Today I went to my friends' Eric and Christine's apartment and made a birthday cake for Eric's girlfriend Claudia. Now, I did have to only use baking powder and had to cook the canned cherries to a gel (oh, no pie filling here either...) but it still tasted great - Sachentorte/Black Forest Cake. I am missing a well-equipped kitchen and larder though. I know that larder is an archaic term by our standards, but honestly, the more I try to think in German the less capable I seem to speak in English. I figure it will even out at some point and then I hope that German will take over. Soon.
Anyhow, this was my nice long and rambling post that I am sure you have all (more or less) been waiting for.

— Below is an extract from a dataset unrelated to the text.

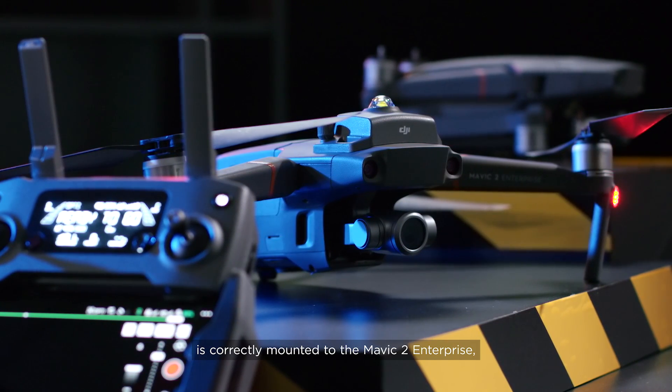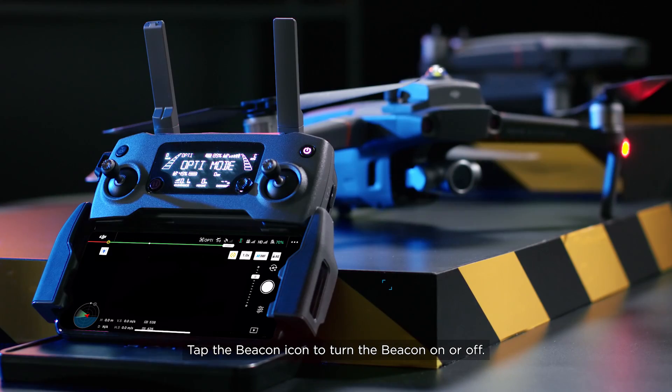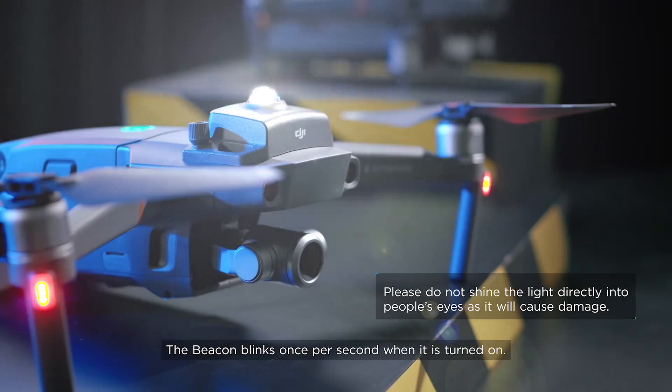After the beacon is correctly mounted to the Mavic 2 Enterprise, the aircraft will automatically recognize the beacon and show a beacon icon in DJI Pilot. Tap the beacon icon to turn the beacon on or off. The beacon blinks once per second when it is turned on.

Anyhow, I'm coming down sick and need my sleep. And no, I haven't been dreaming in German, yet.
Hope everyone is well,
Monday, September 3, 2007
So, I survived my trip to Regensburg in one piece. I got 2 hours of sleep on my flight to Iceland and about another on my way to Frankfurt. The flights were ok, other than the meals took forever to serve - fortunately I had some dried fruit and gum to pull me through. Getting from terminal 2 to terminal 1 was a challenge though in Frankfurt. Note: I will NEVER EVER bring two large bags again...I have bruises everywhere and swear I got looks of contempt that are unmistakable to translate into English. Plus, I couldn´t pee. I mean, you can´t just leave your bags sitting out at an airport - that´s a good way to end up seeing the polizei or just begging someone to roll off with it. So, dehdrated from Iceland customs making me dump out my water, and unable to use the bathroom until the paranoia of leaving my seat on the train briefly wore off I was in a bit of a pickle. By the time I made it to the train station (too afraid to fall asleep on the 3.5 hour ride there for fear I would not wake up for the stop) I was SOOO glad to see my friend Eric and his friend\roommate Christine (pronouced Christina). It was a short ride to their apartment where another visiting friend (from MN, oddly enough...) had cooked a "traditional bavarian dinner". So, weißwurst and pretzels ( a white sausage...good with a sweet mustard) and LOTS of water. Also, fortunate for me was that the third appartmentmate was gone, so I even got a bed. I have already picked up all sorts of handy advice for living in Germany. For example: dont put your feet up on the bus, in fact, leave them FLAT on the floor. Or you get kicked off and threatened with a 30 euro fee...didn´t happen to me, but good to know. Also, you must ALWAYS buy a ticket, they have guys who are paid to camp out and fine the heck out of you - 50 euros at least. Lastly, bring your own computer - they switch the y and z places ´- along with adding all sorts of keys. Anywasys, my time is almost up, so goodbye and look for more info in the sometime near future!